What to do: Provide an exact reproduction of every entry.
Content starts
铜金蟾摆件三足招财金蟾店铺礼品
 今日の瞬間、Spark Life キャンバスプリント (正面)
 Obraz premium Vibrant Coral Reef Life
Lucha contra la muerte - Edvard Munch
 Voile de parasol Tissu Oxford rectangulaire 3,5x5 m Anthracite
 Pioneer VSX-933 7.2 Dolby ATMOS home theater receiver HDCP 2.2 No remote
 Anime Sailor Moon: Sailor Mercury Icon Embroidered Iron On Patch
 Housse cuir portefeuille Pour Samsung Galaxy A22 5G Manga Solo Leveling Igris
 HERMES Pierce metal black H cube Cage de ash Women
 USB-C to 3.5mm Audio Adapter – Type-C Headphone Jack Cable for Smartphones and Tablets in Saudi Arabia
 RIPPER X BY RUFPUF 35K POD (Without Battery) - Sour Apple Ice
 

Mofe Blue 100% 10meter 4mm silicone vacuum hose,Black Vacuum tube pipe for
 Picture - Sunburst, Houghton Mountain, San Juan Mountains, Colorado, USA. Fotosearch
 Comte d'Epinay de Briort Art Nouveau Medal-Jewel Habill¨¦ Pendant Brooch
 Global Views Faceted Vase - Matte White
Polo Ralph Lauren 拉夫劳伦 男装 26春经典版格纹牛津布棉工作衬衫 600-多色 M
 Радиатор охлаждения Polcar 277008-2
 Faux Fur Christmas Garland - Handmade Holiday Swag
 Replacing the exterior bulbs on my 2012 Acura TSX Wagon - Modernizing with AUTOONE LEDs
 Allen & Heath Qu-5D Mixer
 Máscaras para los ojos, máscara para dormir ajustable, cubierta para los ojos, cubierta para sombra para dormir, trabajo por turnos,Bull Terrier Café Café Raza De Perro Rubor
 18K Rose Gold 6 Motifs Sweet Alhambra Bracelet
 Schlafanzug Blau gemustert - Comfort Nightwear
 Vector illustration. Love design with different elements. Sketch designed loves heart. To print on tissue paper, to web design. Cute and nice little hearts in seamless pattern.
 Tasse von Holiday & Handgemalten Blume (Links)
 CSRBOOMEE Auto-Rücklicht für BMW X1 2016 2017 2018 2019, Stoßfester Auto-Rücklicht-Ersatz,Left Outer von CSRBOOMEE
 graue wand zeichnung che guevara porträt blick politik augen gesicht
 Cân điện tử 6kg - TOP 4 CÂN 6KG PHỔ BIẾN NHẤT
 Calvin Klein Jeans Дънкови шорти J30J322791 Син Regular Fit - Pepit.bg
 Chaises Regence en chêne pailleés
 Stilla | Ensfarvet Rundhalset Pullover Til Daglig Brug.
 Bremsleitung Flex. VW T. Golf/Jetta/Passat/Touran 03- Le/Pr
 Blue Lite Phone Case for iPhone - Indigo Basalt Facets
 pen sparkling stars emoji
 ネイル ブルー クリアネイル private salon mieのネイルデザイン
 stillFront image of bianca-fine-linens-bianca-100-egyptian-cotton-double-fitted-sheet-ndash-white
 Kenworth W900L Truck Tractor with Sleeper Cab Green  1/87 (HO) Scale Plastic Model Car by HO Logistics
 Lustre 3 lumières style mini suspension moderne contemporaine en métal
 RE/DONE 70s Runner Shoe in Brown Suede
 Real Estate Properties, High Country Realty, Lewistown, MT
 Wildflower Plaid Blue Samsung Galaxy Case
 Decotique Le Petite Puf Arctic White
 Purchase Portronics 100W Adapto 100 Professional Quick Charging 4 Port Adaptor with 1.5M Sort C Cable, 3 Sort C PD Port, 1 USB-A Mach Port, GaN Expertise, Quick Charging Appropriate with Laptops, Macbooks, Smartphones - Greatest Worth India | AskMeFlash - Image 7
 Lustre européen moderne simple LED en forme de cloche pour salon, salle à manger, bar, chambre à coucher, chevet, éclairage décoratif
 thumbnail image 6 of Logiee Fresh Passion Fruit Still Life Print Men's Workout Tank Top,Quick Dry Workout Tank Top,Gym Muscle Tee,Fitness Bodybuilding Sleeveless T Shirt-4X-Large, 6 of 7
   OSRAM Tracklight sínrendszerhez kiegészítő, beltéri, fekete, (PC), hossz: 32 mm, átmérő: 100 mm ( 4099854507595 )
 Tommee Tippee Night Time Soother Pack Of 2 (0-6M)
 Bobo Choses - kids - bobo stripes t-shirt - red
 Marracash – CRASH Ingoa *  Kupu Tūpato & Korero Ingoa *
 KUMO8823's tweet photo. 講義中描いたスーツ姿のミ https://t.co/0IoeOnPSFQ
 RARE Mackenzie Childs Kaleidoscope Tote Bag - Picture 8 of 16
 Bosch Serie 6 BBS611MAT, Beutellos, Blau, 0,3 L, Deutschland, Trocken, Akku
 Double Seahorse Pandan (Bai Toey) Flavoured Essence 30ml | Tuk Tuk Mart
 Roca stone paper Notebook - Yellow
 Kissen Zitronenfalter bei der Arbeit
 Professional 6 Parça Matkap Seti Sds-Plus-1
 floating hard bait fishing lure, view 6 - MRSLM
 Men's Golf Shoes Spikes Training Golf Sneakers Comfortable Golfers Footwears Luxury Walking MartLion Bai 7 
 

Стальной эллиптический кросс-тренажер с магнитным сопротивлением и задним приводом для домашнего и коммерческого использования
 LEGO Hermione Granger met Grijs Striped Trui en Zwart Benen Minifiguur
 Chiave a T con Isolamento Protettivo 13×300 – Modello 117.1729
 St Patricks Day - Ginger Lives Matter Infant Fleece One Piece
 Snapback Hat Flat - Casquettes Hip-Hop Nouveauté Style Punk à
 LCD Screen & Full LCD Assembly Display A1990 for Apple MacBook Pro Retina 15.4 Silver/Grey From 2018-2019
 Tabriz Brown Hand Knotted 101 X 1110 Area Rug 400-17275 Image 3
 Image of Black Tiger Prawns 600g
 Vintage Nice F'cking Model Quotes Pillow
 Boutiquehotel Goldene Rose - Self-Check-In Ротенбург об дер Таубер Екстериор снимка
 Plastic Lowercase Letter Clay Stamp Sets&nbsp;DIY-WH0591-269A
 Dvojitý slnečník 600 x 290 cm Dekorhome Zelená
Content ends
Exercise result:
铜金蟾摆件三足招财金蟾店铺礼品
 今日の瞬間、Spark Life キャンバスプリント (正面)
 Obraz premium Vibrant Coral Reef Life
Lucha contra la muerte - Edvard Munch
 Voile de parasol Tissu Oxford rectangulaire 3,5x5 m Anthracite
 Pioneer VSX-933 7.2 Dolby ATMOS home theater receiver HDCP 2.2 No remote
 Anime Sailor Moon: Sailor Mercury Icon Embroidered Iron On Patch
 Housse cuir portefeuille Pour Samsung Galaxy A22 5G Manga Solo Leveling Igris
 HERMES Pierce metal black H cube Cage de ash Women
 USB-C to 3.5mm Audio Adapter – Type-C Headphone Jack Cable for Smartphones and Tablets in Saudi Arabia
 RIPPER X BY RUFPUF 35K POD (Without Battery) - Sour Apple Ice
 

Mofe Blue 100% 10meter 4mm silicone vacuum hose,Black Vacuum tube pipe for
 Picture - Sunburst, Houghton Mountain, San Juan Mountains, Colorado, USA. Fotosearch
 Comte d'Epinay de Briort Art Nouveau Medal-Jewel Habill¨¦ Pendant Brooch
 Global Views Faceted Vase - Matte White
Polo Ralph Lauren 拉夫劳伦 男装 26春经典版格纹牛津布棉工作衬衫 600-多色 M
 Радиатор охлаждения Polcar 277008-2
 Faux Fur Christmas Garland - Handmade Holiday Swag
 Replacing the exterior bulbs on my 2012 Acura TSX Wagon - Modernizing with AUTOONE LEDs
 Allen & Heath Qu-5D Mixer
 Máscaras para los ojos, máscara para dormir ajustable, cubierta para los ojos, cubierta para sombra para dormir, trabajo por turnos,Bull Terrier Café Café Raza De Perro Rubor
 18K Rose Gold 6 Motifs Sweet Alhambra Bracelet
 Schlafanzug Blau gemustert - Comfort Nightwear
 Vector illustration. Love design with different elements. Sketch designed loves heart. To print on tissue paper, to web design. Cute and nice little hearts in seamless pattern.
 Tasse von Holiday & Handgemalten Blume (Links)
 CSRBOOMEE Auto-Rücklicht für BMW X1 2016 2017 2018 2019, Stoßfester Auto-Rücklicht-Ersatz,Left Outer von CSRBOOMEE
 graue wand zeichnung che guevara porträt blick politik augen gesicht
 Cân điện tử 6kg - TOP 4 CÂN 6KG PHỔ BIẾN NHẤT
 Calvin Klein Jeans Дънкови шорти J30J322791 Син Regular Fit - Pepit.bg
 Chaises Regence en chêne pailleés
 Stilla | Ensfarvet Rundhalset Pullover Til Daglig Brug.
 Bremsleitung Flex. VW T. Golf/Jetta/Passat/Touran 03- Le/Pr
 Blue Lite Phone Case for iPhone - Indigo Basalt Facets
 pen sparkling stars emoji
 ネイル ブルー クリアネイル private salon mieのネイルデザイン
 stillFront image of bianca-fine-linens-bianca-100-egyptian-cotton-double-fitted-sheet-ndash-white
 Kenworth W900L Truck Tractor with Sleeper Cab Green  1/87 (HO) Scale Plastic Model Car by HO Logistics
 Lustre 3 lumières style mini suspension moderne contemporaine en métal
 RE/DONE 70s Runner Shoe in Brown Suede
 Real Estate Properties, High Country Realty, Lewistown, MT
 Wildflower Plaid Blue Samsung Galaxy Case
 Decotique Le Petite Puf Arctic White
 Purchase Portronics 100W Adapto 100 Professional Quick Charging 4 Port Adaptor with 1.5M Sort C Cable, 3 Sort C PD Port, 1 USB-A Mach Port, GaN Expertise, Quick Charging Appropriate with Laptops, Macbooks, Smartphones - Greatest Worth India | AskMeFlash - Image 7
 Lustre européen moderne simple LED en forme de cloche pour salon, salle à manger, bar, chambre à coucher, chevet, éclairage décoratif
 thumbnail image 6 of Logiee Fresh Passion Fruit Still Life Print Men's Workout Tank Top,Quick Dry Workout Tank Top,Gym Muscle Tee,Fitness Bodybuilding Sleeveless T Shirt-4X-Large, 6 of 7
   OSRAM Tracklight sínrendszerhez kiegészítő, beltéri, fekete, (PC), hossz: 32 mm, átmérő: 100 mm ( 4099854507595 )
 Tommee Tippee Night Time Soother Pack Of 2 (0-6M)
 Bobo Choses - kids - bobo stripes t-shirt - red
 Marracash – CRASH Ingoa *  Kupu Tūpato & Korero Ingoa *
 KUMO8823's tweet photo. 講義中描いたスーツ姿のミ https://t.co/0IoeOnPSFQ
 RARE Mackenzie Childs Kaleidoscope Tote Bag - Picture 8 of 16
 Bosch Serie 6 BBS611MAT, Beutellos, Blau, 0,3 L, Deutschland, Trocken, Akku
 Double Seahorse Pandan (Bai Toey) Flavoured Essence 30ml | Tuk Tuk Mart
 Roca stone paper Notebook - Yellow
 Kissen Zitronenfalter bei der Arbeit
 Professional 6 Parça Matkap Seti Sds-Plus-1
 floating hard bait fishing lure, view 6 - MRSLM
 Men's Golf Shoes Spikes Training Golf Sneakers Comfortable Golfers Footwears Luxury Walking MartLion Bai 7 
 

Стальной эллиптический кросс-тренажер с магнитным сопротивлением и задним приводом для домашнего и коммерческого использования
 LEGO Hermione Granger met Grijs Striped Trui en Zwart Benen Minifiguur
 Chiave a T con Isolamento Protettivo 13×300 – Modello 117.1729
 St Patricks Day - Ginger Lives Matter Infant Fleece One Piece
 Snapback Hat Flat - Casquettes Hip-Hop Nouveauté Style Punk à
 LCD Screen & Full LCD Assembly Display A1990 for Apple MacBook Pro Retina 15.4 Silver/Grey From 2018-2019
 Tabriz Brown Hand Knotted 101 X 1110 Area Rug 400-17275 Image 3
 Image of Black Tiger Prawns 600g
 Vintage Nice F'cking Model Quotes Pillow
 Boutiquehotel Goldene Rose - Self-Check-In Ротенбург об дер Таубер Екстериор снимка
 Plastic Lowercase Letter Clay Stamp Sets&nbsp;DIY-WH0591-269A
 Dvojitý slnečník 600 x 290 cm Dekorhome Zelená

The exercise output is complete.